• DESCRIPTION OF THE TASK: Output the data below only from the line containing "Ручка перьевая PARKER" up to and including the line containing "Spain 1878 OM 10 Centimos Extra Fine (EF40) $", exact and with the pictures left out.

• ENTRIES SHOWN:
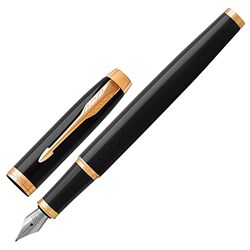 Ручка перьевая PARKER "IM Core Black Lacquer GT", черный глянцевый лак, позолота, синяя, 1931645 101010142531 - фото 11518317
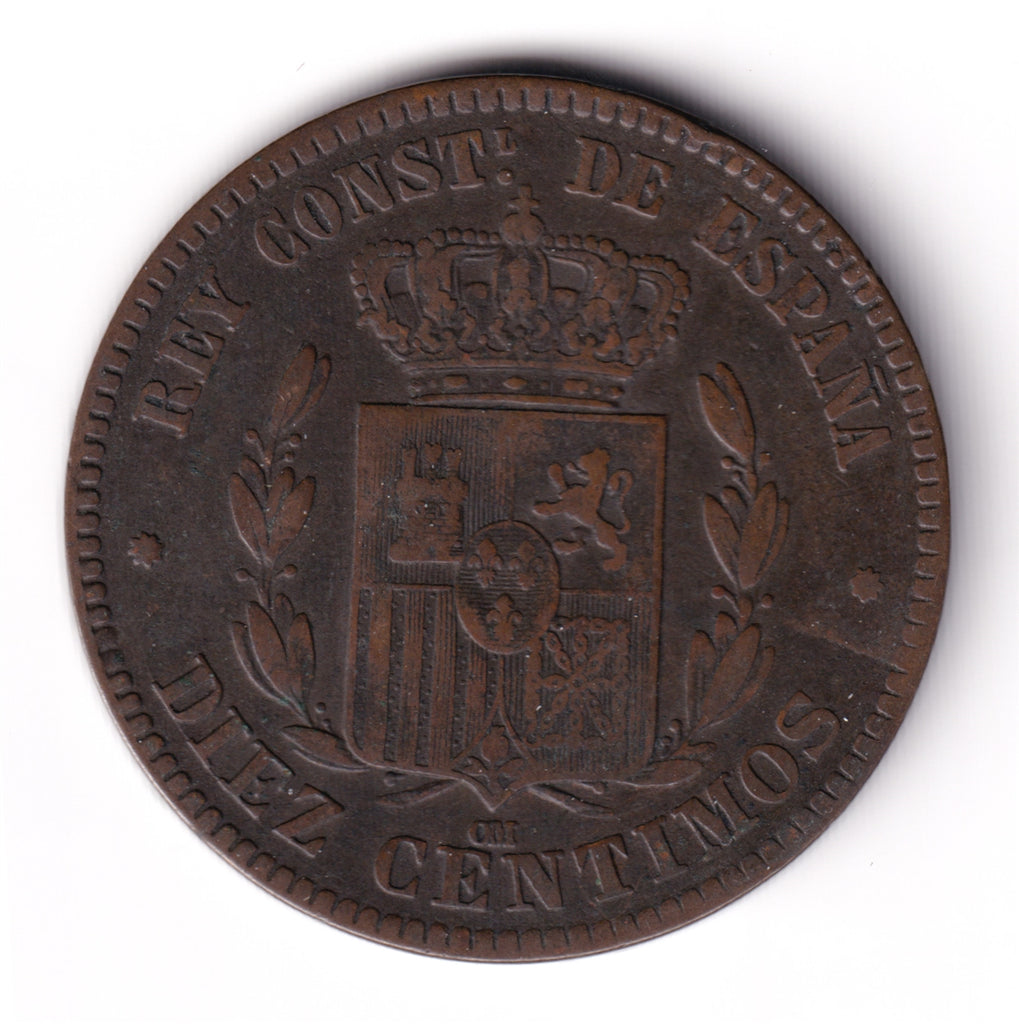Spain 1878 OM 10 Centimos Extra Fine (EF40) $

* * *

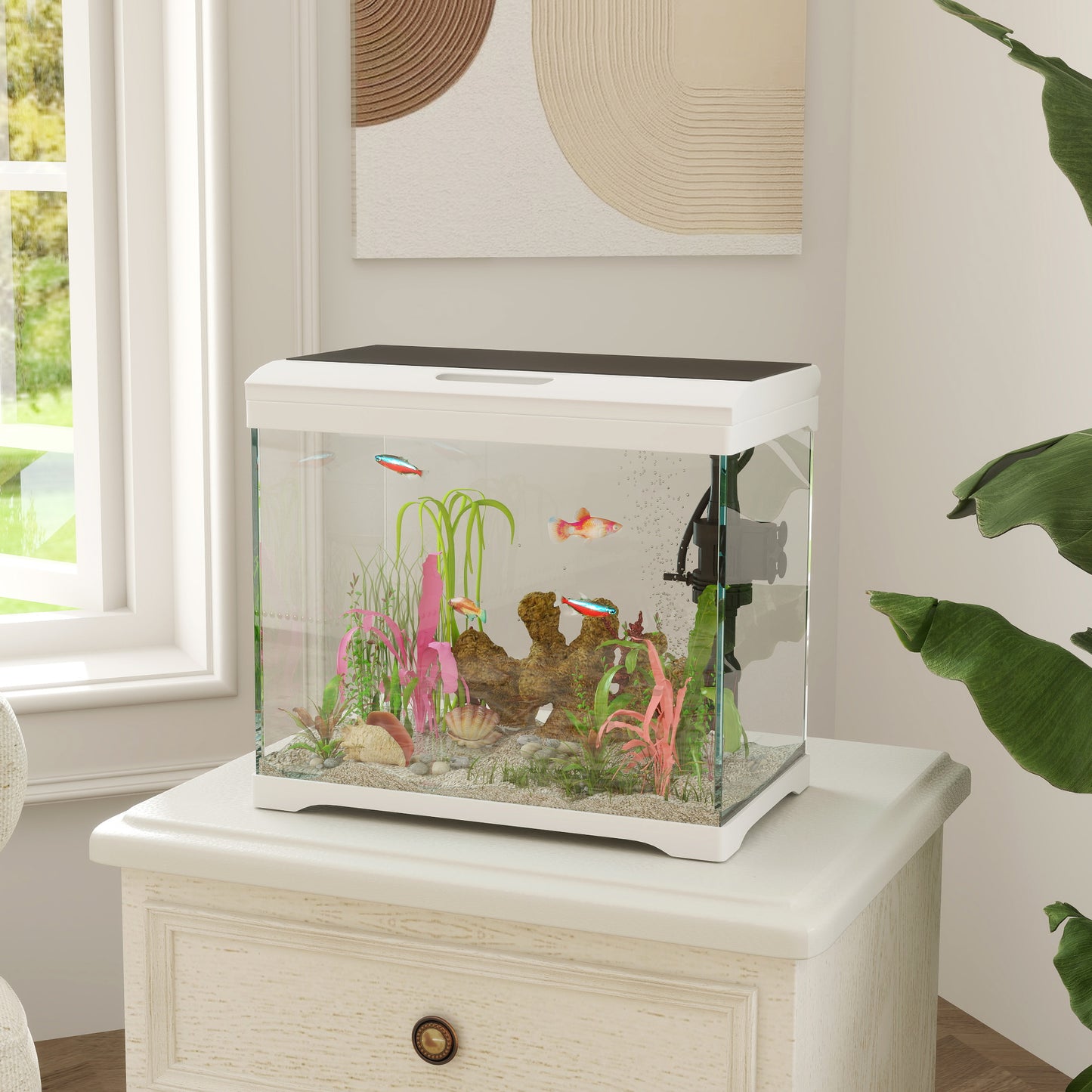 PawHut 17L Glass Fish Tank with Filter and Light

• RESPONSE FOR THIS EXERCISE:
 Ручка перьевая PARKER "IM Core Black Lacquer GT", черный глянцевый лак, позолота, синяя, 1931645 101010142531 - фото 11518317
Spain 1878 OM 10 Centimos Extra Fine (EF40) $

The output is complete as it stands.